Take the material below and reproduce, word for word, only the lines from the line with "自由人83-86负于神秘人 韩旭出战12分钟 5投3中获8分3篮板1助攻2盖帽" through the line with "He estado alejada".

# Provided material
>>

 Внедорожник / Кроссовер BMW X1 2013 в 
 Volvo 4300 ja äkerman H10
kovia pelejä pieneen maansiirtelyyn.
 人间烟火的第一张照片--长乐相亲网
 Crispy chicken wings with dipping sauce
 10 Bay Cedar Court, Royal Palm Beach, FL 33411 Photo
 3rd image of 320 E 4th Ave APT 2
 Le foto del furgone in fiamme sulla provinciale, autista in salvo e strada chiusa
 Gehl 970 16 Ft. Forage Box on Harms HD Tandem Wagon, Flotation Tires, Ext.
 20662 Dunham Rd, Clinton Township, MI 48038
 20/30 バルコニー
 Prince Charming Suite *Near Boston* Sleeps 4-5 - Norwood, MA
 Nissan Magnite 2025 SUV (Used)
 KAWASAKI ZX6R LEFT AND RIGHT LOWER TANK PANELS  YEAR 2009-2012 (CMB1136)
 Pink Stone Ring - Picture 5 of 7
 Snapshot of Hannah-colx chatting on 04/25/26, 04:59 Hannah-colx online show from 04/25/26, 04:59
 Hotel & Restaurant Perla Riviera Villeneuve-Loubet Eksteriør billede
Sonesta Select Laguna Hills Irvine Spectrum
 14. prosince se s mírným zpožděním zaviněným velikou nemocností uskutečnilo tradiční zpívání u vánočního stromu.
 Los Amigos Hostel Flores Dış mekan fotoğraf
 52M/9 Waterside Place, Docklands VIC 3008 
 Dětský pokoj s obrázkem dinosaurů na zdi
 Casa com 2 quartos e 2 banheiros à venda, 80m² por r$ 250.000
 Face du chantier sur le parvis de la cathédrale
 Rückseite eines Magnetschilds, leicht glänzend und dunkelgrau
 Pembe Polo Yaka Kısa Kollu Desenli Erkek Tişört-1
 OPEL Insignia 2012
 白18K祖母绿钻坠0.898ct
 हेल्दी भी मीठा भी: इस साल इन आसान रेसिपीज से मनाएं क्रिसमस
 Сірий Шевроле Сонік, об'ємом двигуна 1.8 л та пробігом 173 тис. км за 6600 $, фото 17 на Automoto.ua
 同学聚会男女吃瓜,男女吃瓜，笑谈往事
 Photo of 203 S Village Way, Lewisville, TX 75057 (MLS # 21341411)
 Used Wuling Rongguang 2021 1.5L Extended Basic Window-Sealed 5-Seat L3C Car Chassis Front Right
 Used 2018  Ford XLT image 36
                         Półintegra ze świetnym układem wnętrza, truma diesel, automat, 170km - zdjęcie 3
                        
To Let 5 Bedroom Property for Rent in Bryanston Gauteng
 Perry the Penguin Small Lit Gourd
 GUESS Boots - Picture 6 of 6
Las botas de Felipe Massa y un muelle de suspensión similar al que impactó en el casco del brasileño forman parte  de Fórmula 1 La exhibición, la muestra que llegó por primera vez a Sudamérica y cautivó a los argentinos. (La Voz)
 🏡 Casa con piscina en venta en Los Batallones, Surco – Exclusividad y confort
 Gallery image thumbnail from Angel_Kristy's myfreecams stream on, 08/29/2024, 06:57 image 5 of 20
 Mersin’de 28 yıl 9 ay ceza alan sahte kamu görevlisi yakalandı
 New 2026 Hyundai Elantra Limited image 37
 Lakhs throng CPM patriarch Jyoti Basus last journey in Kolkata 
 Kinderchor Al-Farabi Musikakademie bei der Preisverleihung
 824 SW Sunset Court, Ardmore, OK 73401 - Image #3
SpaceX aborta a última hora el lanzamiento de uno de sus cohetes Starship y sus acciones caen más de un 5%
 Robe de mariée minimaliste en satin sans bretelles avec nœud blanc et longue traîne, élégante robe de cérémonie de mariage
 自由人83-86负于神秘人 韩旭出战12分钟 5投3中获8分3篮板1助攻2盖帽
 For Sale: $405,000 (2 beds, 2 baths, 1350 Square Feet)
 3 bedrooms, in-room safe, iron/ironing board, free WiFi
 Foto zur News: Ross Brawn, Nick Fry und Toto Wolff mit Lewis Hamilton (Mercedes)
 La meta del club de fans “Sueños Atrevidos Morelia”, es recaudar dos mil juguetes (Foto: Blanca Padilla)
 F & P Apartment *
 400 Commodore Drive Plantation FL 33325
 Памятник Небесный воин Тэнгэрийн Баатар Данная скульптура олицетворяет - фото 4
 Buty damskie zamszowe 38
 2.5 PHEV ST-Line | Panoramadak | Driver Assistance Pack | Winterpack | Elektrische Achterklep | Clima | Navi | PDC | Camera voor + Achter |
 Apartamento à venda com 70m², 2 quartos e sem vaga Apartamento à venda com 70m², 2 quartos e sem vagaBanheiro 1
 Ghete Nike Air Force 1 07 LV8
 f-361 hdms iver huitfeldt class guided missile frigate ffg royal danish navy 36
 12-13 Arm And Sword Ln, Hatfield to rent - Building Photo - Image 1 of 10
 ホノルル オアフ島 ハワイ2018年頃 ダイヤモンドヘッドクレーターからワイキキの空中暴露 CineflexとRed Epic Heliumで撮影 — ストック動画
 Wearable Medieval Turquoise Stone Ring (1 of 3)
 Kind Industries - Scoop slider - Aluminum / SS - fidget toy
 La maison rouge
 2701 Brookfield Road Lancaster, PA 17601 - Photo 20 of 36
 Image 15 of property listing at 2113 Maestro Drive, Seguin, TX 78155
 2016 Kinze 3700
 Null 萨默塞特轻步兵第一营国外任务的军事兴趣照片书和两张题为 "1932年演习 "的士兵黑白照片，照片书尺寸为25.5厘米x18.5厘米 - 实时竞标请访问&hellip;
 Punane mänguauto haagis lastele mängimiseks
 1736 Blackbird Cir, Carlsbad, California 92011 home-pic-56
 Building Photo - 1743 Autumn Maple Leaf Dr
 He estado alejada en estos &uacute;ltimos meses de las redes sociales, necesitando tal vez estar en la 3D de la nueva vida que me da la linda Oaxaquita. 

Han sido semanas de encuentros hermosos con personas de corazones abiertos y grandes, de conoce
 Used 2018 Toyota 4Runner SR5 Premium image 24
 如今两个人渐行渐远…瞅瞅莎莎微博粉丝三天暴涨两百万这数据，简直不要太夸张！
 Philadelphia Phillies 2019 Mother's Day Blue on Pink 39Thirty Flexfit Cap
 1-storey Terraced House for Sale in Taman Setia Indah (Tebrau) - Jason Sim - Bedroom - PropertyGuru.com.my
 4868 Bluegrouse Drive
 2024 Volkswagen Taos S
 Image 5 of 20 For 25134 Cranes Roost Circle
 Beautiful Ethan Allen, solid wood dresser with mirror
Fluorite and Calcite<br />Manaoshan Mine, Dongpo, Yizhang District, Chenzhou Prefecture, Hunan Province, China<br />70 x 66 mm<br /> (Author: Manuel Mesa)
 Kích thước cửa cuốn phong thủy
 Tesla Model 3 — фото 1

<<

# Solution
 自由人83-86负于神秘人 韩旭出战12分钟 5投3中获8分3篮板1助攻2盖帽
 For Sale: $405,000 (2 beds, 2 baths, 1350 Square Feet)
 3 bedrooms, in-room safe, iron/ironing board, free WiFi
 Foto zur News: Ross Brawn, Nick Fry und Toto Wolff mit Lewis Hamilton (Mercedes)
 La meta del club de fans “Sueños Atrevidos Morelia”, es recaudar dos mil juguetes (Foto: Blanca Padilla)
 F & P Apartment *
 400 Commodore Drive Plantation FL 33325
 Памятник Небесный воин Тэнгэрийн Баатар Данная скульптура олицетворяет - фото 4
 Buty damskie zamszowe 38
 2.5 PHEV ST-Line | Panoramadak | Driver Assistance Pack | Winterpack | Elektrische Achterklep | Clima | Navi | PDC | Camera voor + Achter |
 Apartamento à venda com 70m², 2 quartos e sem vaga Apartamento à venda com 70m², 2 quartos e sem vagaBanheiro 1
 Ghete Nike Air Force 1 07 LV8
 f-361 hdms iver huitfeldt class guided missile frigate ffg royal danish navy 36
 12-13 Arm And Sword Ln, Hatfield to rent - Building Photo - Image 1 of 10
 ホノルル オアフ島 ハワイ2018年頃 ダイヤモンドヘッドクレーターからワイキキの空中暴露 CineflexとRed Epic Heliumで撮影 — ストック動画
 Wearable Medieval Turquoise Stone Ring (1 of 3)
 Kind Industries - Scoop slider - Aluminum / SS - fidget toy
 La maison rouge
 2701 Brookfield Road Lancaster, PA 17601 - Photo 20 of 36
 Image 15 of property listing at 2113 Maestro Drive, Seguin, TX 78155
 2016 Kinze 3700
 Null 萨默塞特轻步兵第一营国外任务的军事兴趣照片书和两张题为 "1932年演习 "的士兵黑白照片，照片书尺寸为25.5厘米x18.5厘米 - 实时竞标请访问&hellip;
 Punane mänguauto haagis lastele mängimiseks
 1736 Blackbird Cir, Carlsbad, California 92011 home-pic-56
 Building Photo - 1743 Autumn Maple Leaf Dr
 He estado alejada en estos &uacute;ltimos meses de las redes sociales, necesitando tal vez estar en la 3D de la nueva vida que me da la linda Oaxaquita. 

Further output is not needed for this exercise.